■ Task data:
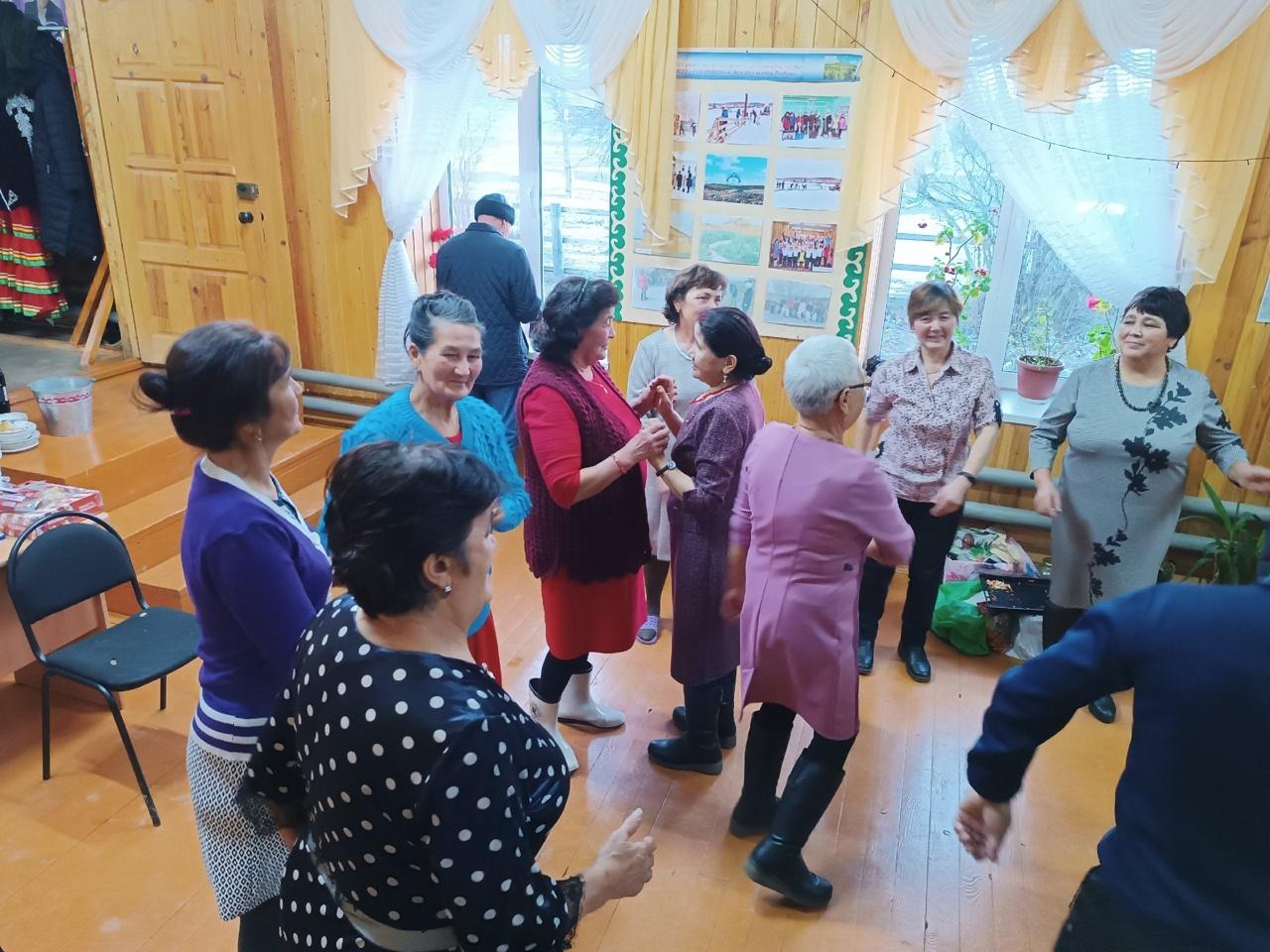 Шоу программа«Танцуют все!»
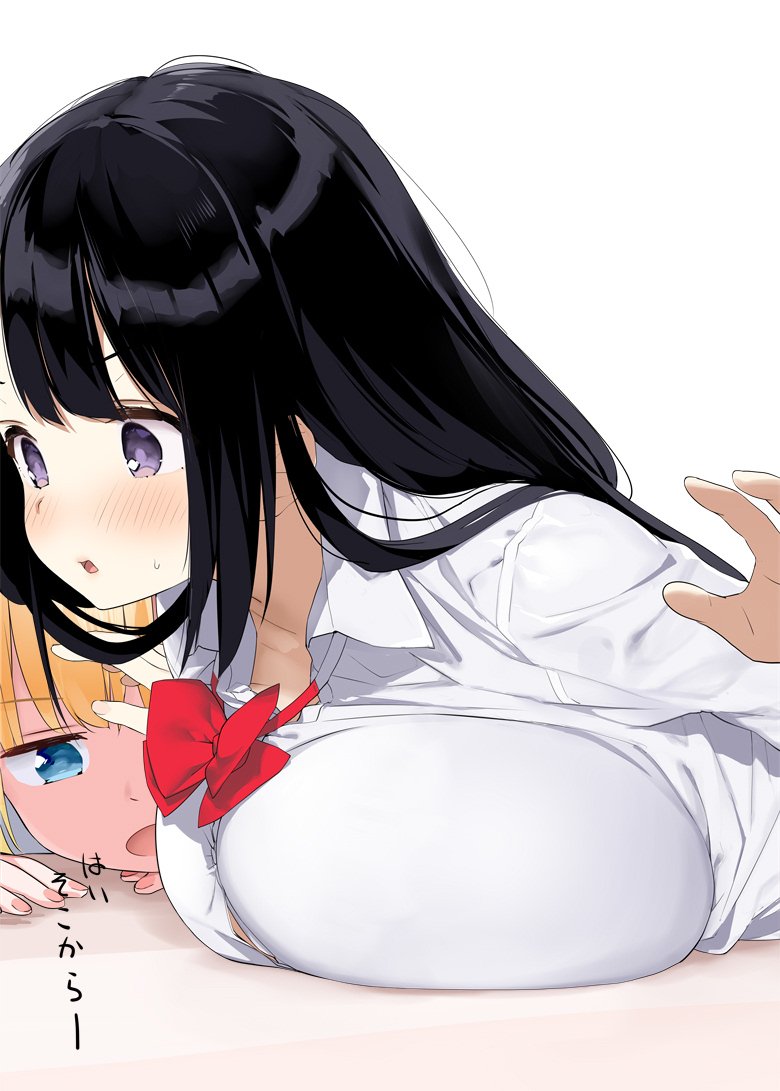 This is a pixiv picture whose title is 大きすぎて背筋するときに床からおっぱいが離れないJK（2枚）.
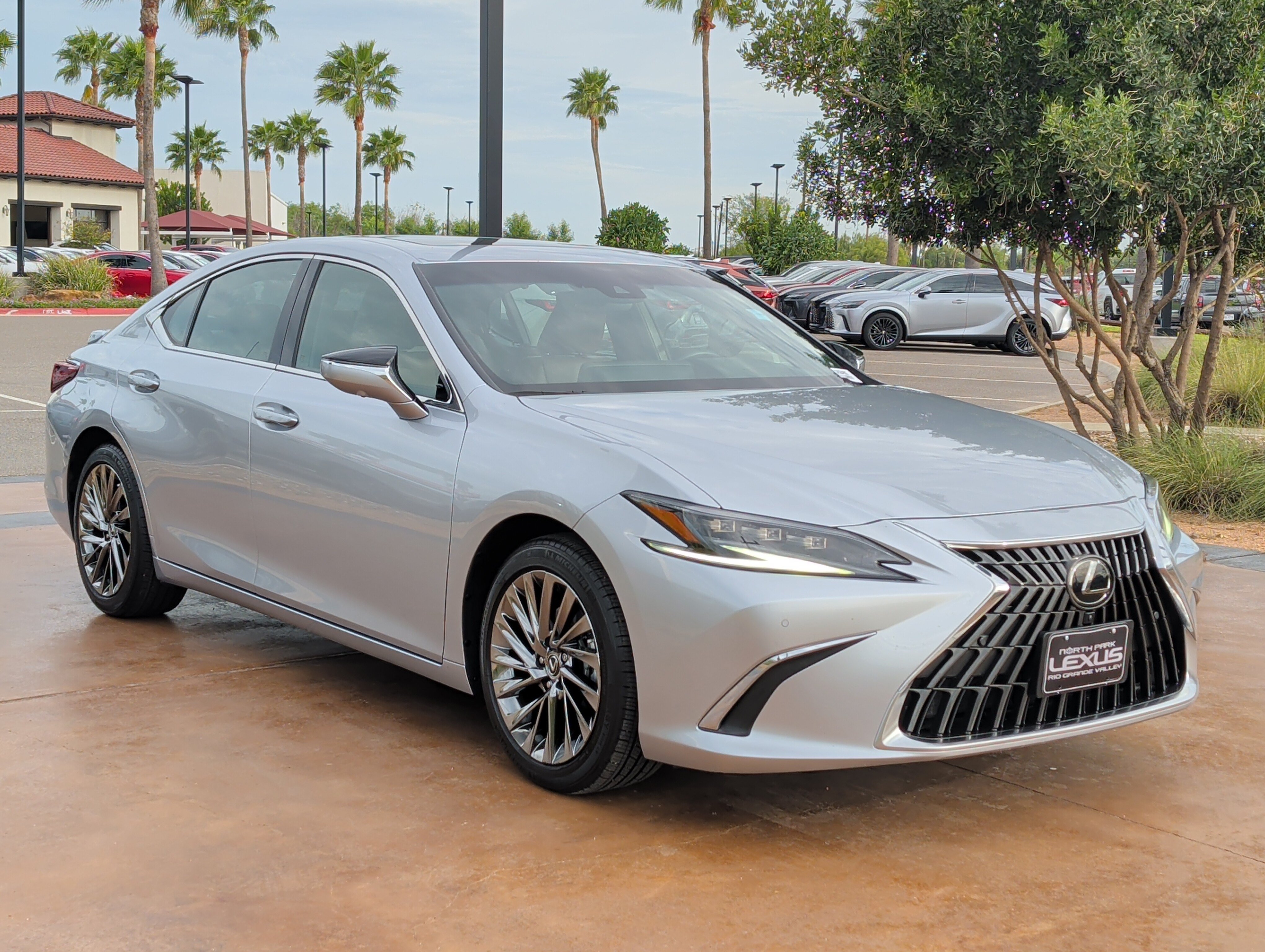 Used 2025 Lexus ES 300h Ultra Luxury w/ Accessory Package (Z1) FWD image 1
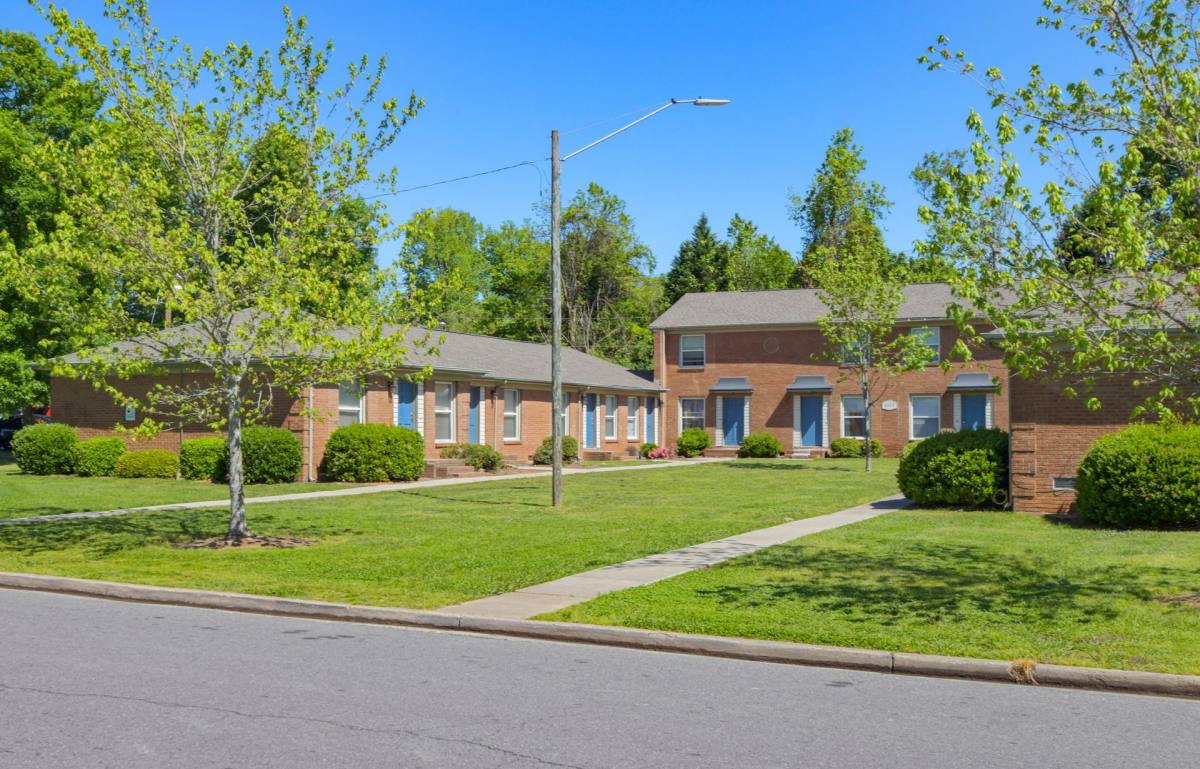 Apartment for rent at 1951 Milton Rd, Charlotte, NC 28215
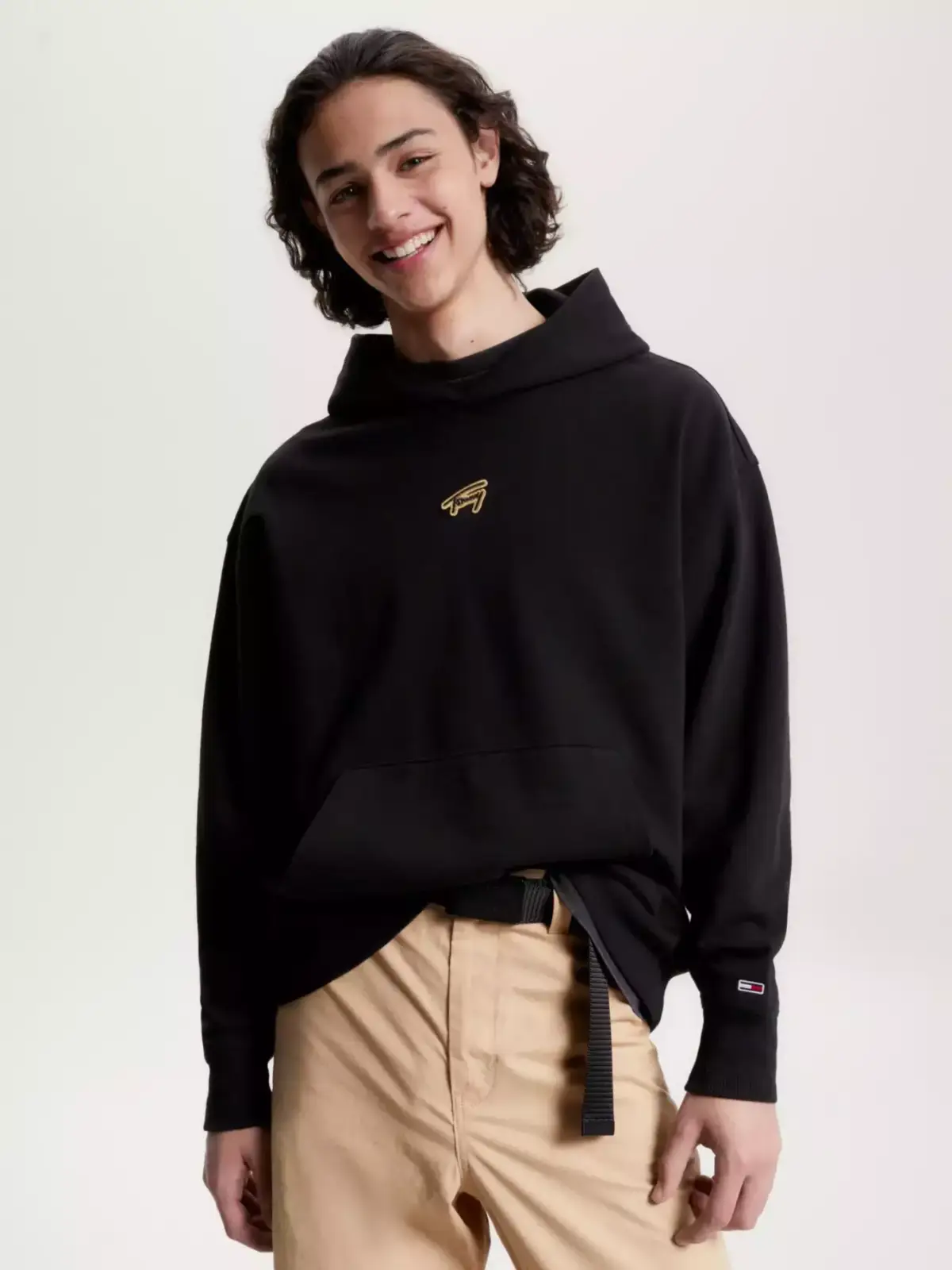 Tommy Hilfiger - Ανδρικό Φούτερ με Κουκούλα Tjm Rlx Signature Hoodie DM0DM17785-BDS Μαύρο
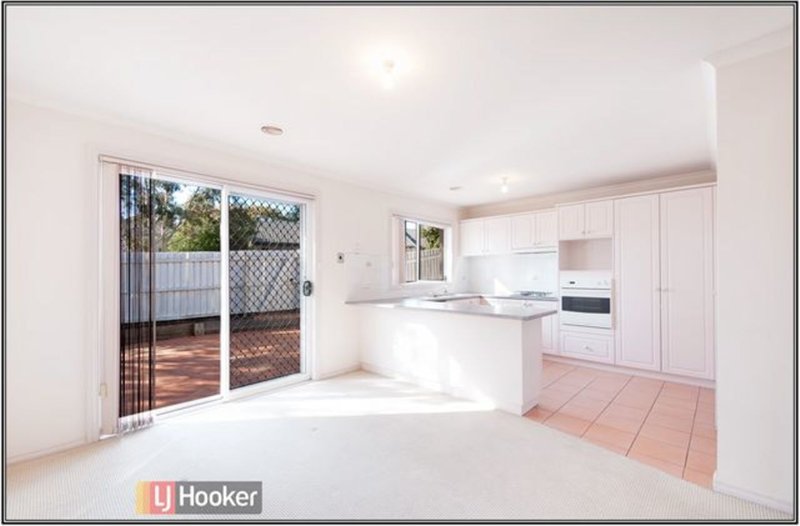 Photo - 7/3 Barrington Crescent, Amaroo ACT 2914 - Image 3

■ Work to be completed:
Repeat the listing above exactly, omitting the pictures it contains.

■ Solution to this task:
 Шоу программа«Танцуют все!»
 This is a pixiv picture whose title is 大きすぎて背筋するときに床からおっぱいが離れないJK（2枚）.
 Used 2025 Lexus ES 300h Ultra Luxury w/ Accessory Package (Z1) FWD image 1
 Apartment for rent at 1951 Milton Rd, Charlotte, NC 28215
 Tommy Hilfiger - Ανδρικό Φούτερ με Κουκούλα Tjm Rlx Signature Hoodie DM0DM17785-BDS Μαύρο
 Photo - 7/3 Barrington Crescent, Amaroo ACT 2914 - Image 3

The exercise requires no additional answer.